:: Available records ::

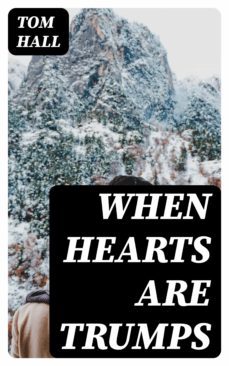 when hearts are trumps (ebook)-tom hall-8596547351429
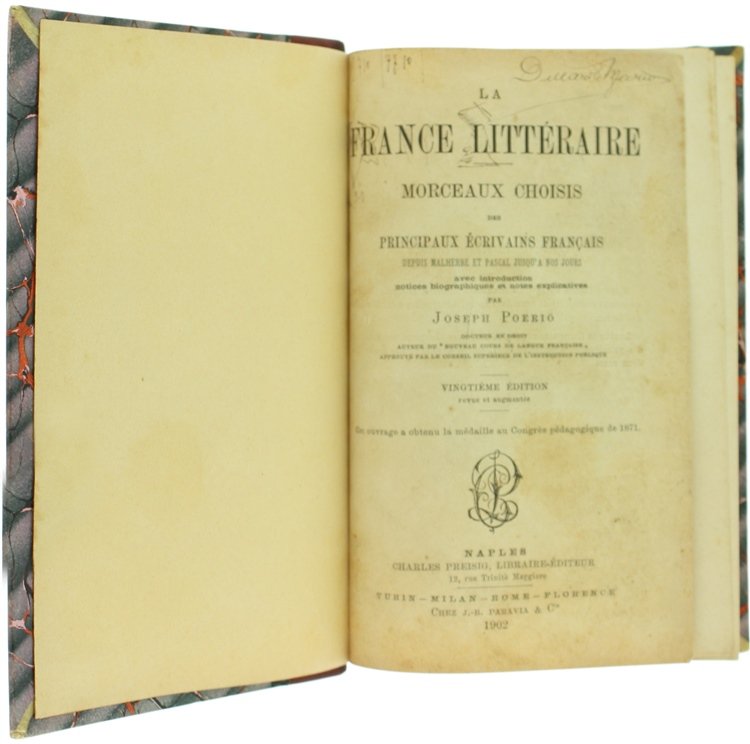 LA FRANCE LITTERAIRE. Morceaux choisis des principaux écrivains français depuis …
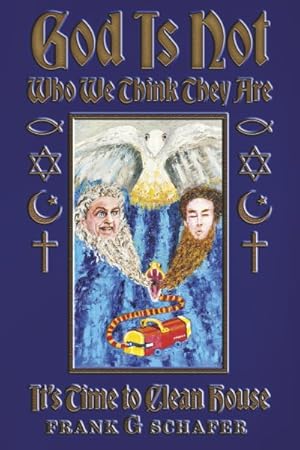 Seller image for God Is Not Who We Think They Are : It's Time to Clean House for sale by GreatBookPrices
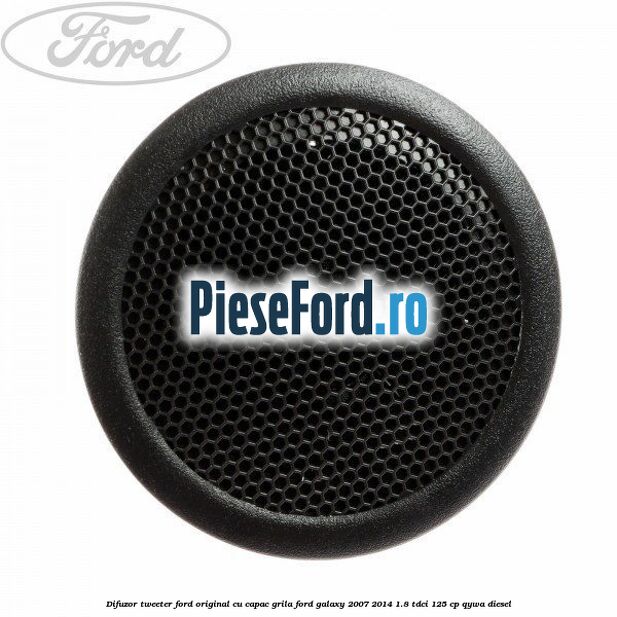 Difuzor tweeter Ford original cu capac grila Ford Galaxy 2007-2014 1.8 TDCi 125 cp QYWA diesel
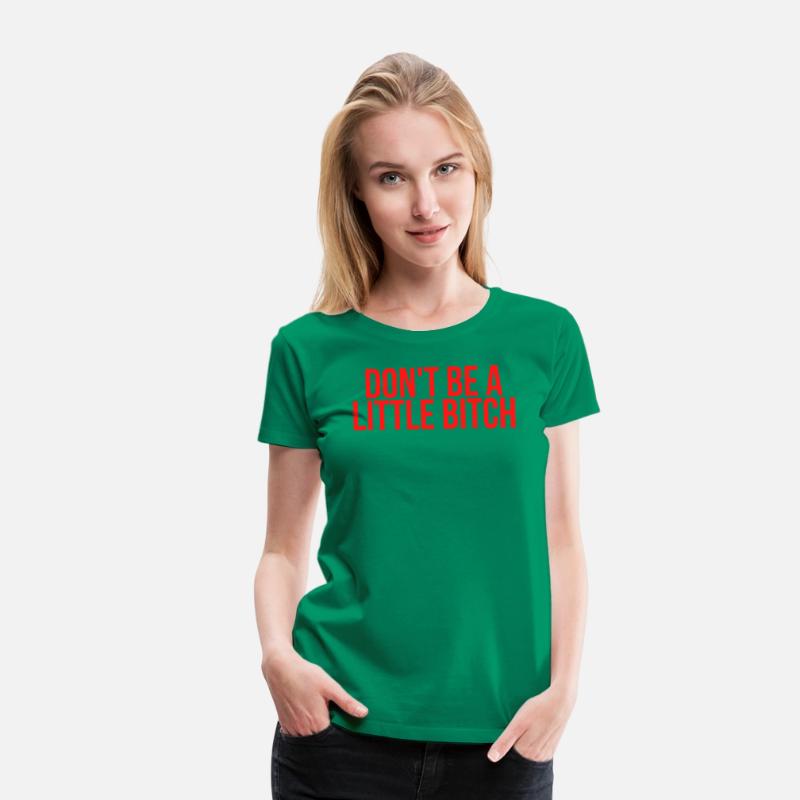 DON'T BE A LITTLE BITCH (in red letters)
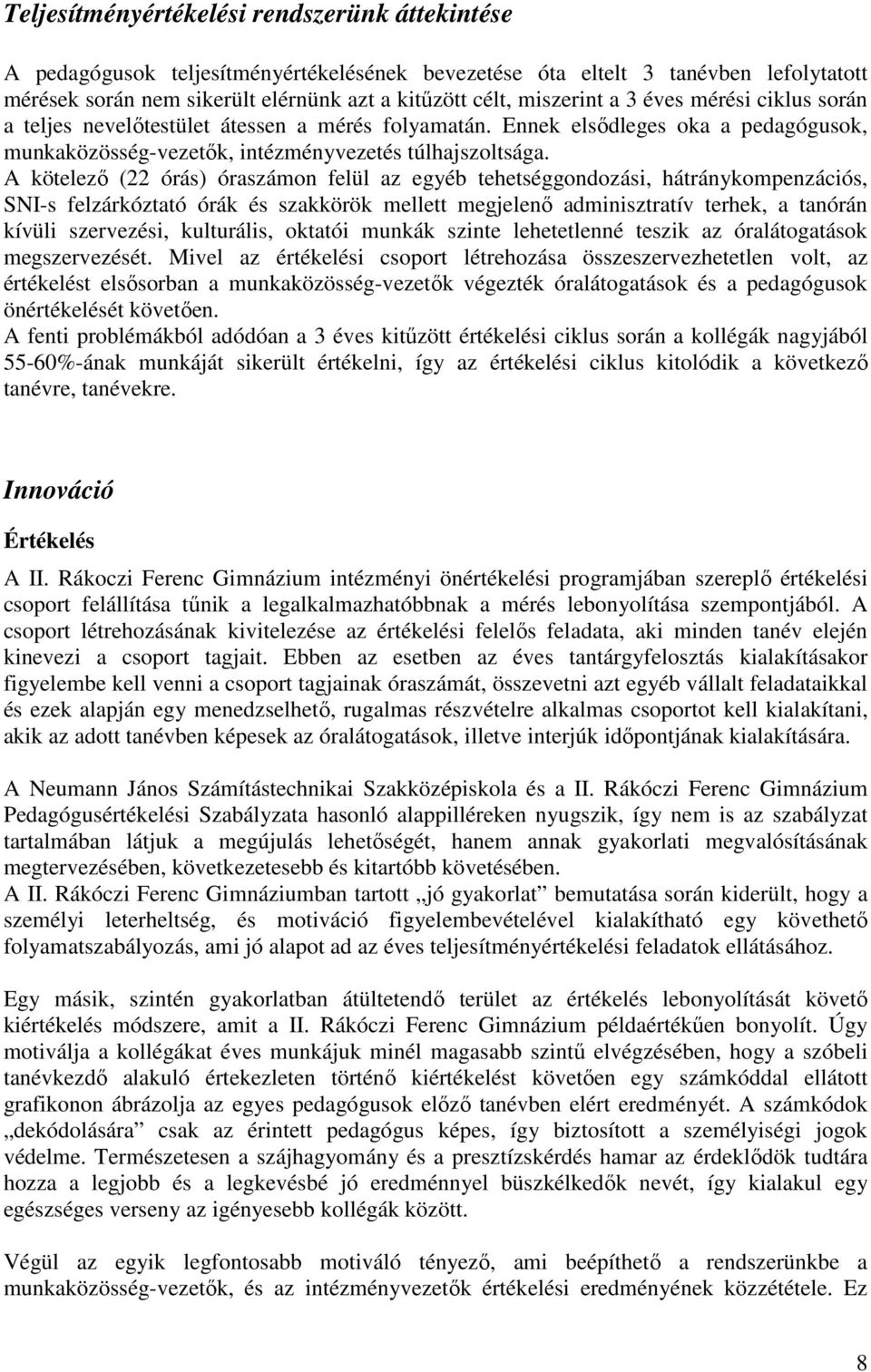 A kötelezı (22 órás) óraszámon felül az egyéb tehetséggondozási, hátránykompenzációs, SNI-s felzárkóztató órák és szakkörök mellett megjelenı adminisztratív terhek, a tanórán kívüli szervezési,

:::

▶ [Work task]: Only what runs from the line holding "DON'T BE A LITTLE BITCH (in red letters)" through the end of the entries above is to be given again, exactly, with every picture omitted.

▶ [Response to the task]:
 DON'T BE A LITTLE BITCH (in red letters)
 A kötelezı (22 órás) óraszámon felül az egyéb tehetséggondozási, hátránykompenzációs, SNI-s felzárkóztató órák és szakkörök mellett megjelenı adminisztratív terhek, a tanórán kívüli szervezési,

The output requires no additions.